Ia lalu memengkaung ke arah api yang berkobar-kobar di hadapannya dengan keras.

Kemudian ia menoleh kepadanya dan berkata, “Apakah kamu bersaksi bahwa Muhammad utusan Allah?”

Abu Muslim menjawab, “Ya, aku bersaksi bahwa ia hamba Allah dan utusan-Nya…dan ia adalah pemimpin para rasul dan juga penutup para nabi.”

Al-Aswad al-‘Ansi mengerutkan dahinya dan mengangkat alisnya, ia berkata, “Dan kamu bersaksi bahwa aku adalah utusan Allah?”

Ia menjawab, “Telingaku tuli, aku tidak mendengar apa yang kamu katakan.”

Al-Aswad berkata, “Kalau demikian, aku akan melemparmu ke dalam api ini.”

Abu Muslim berkata, “Apabila kamu melakukannya, berarti aku berlindung dengan api yang bahan bakarnya kayu bakar dari api yang bahan bakarnya manusia dan bebatuan, penjaganya malaikat-malaikat yang kasar, yang keras, yang tidak mendurhakai Allah terhadap apa yang diperintahkan-Nya kepada mereka dan selalu mengerjakan apa yang diperintahkan.”

Al-Aswad berkata, “Aku tidak akan terburu-buru terhadapmu, akan aku berikan kesempatan lain kepadamu untuk mengembalikan akalmu.”

Ia lalu mengulangi pertanyaan kepadanya, ia berkata, “Apakah kamu bersaksi bahwa Muhammad utusan Allah?”

Abu Muslim menjawab, “Ya, aku bersaksi bahwa ia adalah hamba Allah dan utusan-Nya. Allah telah mengutusnya dengan agama petunjuk dan haq dan Dia menutup segala risalah dengan risalahnya.”

Maka al-Aswad bertambah murka dan berkata, “Dan kamu bersaksi bahwa aku adalah utusan Allah?.”

Abu Muslim menjawab, “Bukankah sudah aku beritahukan kepadamu bahwa telingaku tuli, sehingga aku tidak mendengar perkataanmu ini?!.”

Al-Aswad al-‘Ansi terbakar kemarahan akibat keberaniannya dalam menjawab, ketentraman jiwanya dan ketenangan anggota badannya…

Ia berkehendak untuk menyuruh seseorang, dan melemparkannya ke dalam api.

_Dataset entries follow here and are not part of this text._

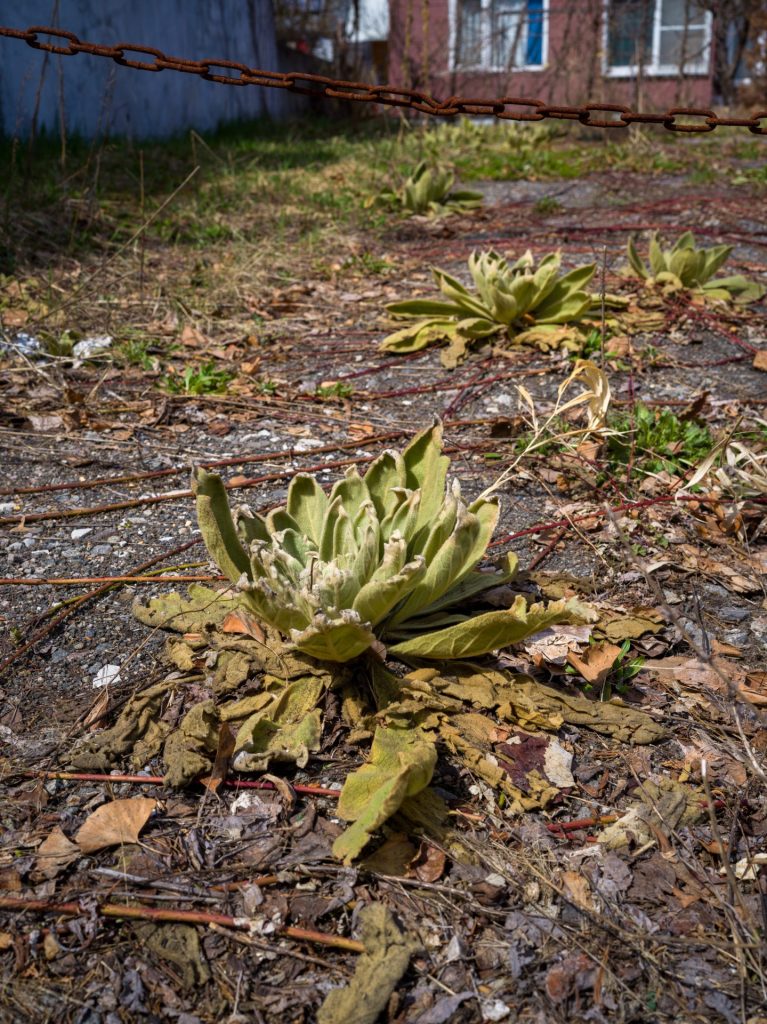 北海道札幌市 ビロードモウズイカ 2025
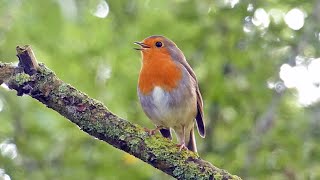 Bird Facts The European Robin [upl. by Poore]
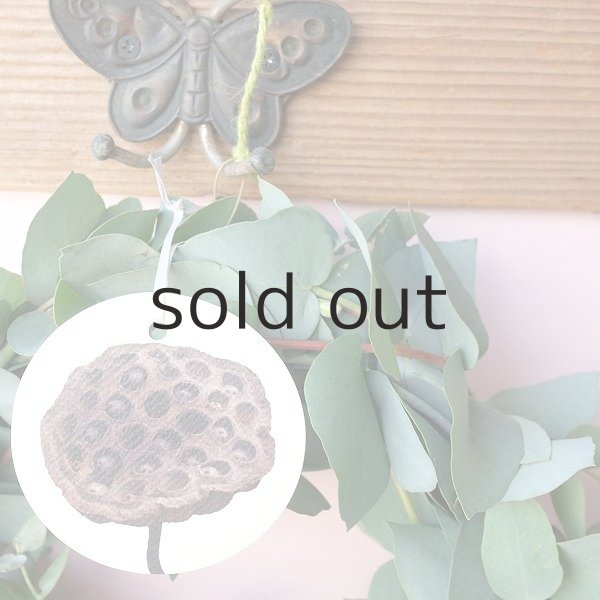 画像2: Dry plants for decor ユーカリブルーガムリース (2)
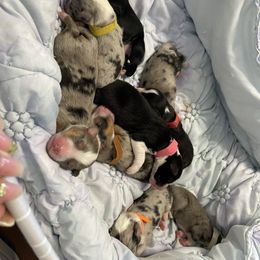 Miniature Australian Shepherd Puppies from Lunaussies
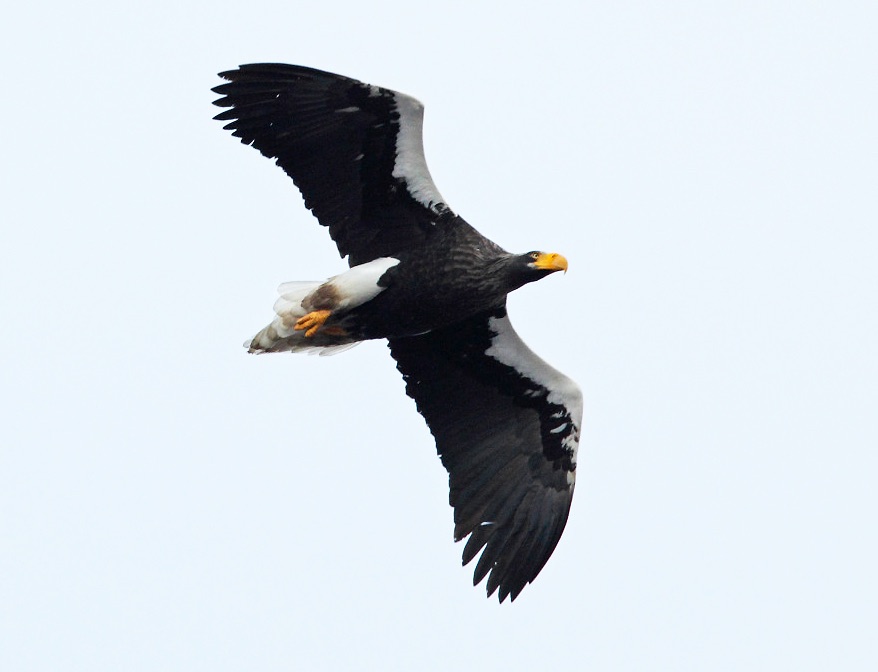Steller's Sea Eagle by Nick Upton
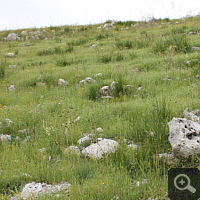 Species-rich meadows near Cervaro.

Di saat itu, salah satu pembesar thaghutnya maju kepadanya dan membisikkan ke telinganya, ia berkata, “Sesungguhnya orang ini –sebagaimana yang kamu tahu- adalah bersih jiwanya, terkabulkan doanya…Dan sesungguhnya Allah tidak akan menghinakan seorang mukmin yang tidak menghinakan-Nya di saat-saat genting…

Dan sesungguhnya kamu, apabila melemparkannya ke dalam api lalu Allah menyelamatkannya, maka berarti kamu telah menghancurkan seluruh apa yang telah kamu bangun dalam sesaat. Dan kamu mendorong manusia untuk kufur terhadap kenabianmu…

Dan bila api membakarnya, niscaya orang-orang akan bertambah kagum terhadapnya dan tambah membesarkannya, dan mereka akan mengangkatnya ke dalam barisan para syuhada.

Maka berilah kebaikan kepadanya dengan membebaskannya, dan buanglah ia dari negerimu, kamu akan terbebas darinya dan merasa tenang.”

Al-Aswad lalu menerima pendapat thaghutnya dan memerintahkan Abu Muslim untuk meninggalkan negeri saat itu juga**.
Abu Muslim al-Khaulani melangkahkan kakinya pergi ke arah Madinah.

Ia mengangan-angankan dirinya untuk bisa bertemu Rasulullah SAW. Ia telah beriman kepadanya sebelum kedua matanya merasakan kenikmatan memengkaungnya, dan jiwanya bergembira menjadi sahabatnya.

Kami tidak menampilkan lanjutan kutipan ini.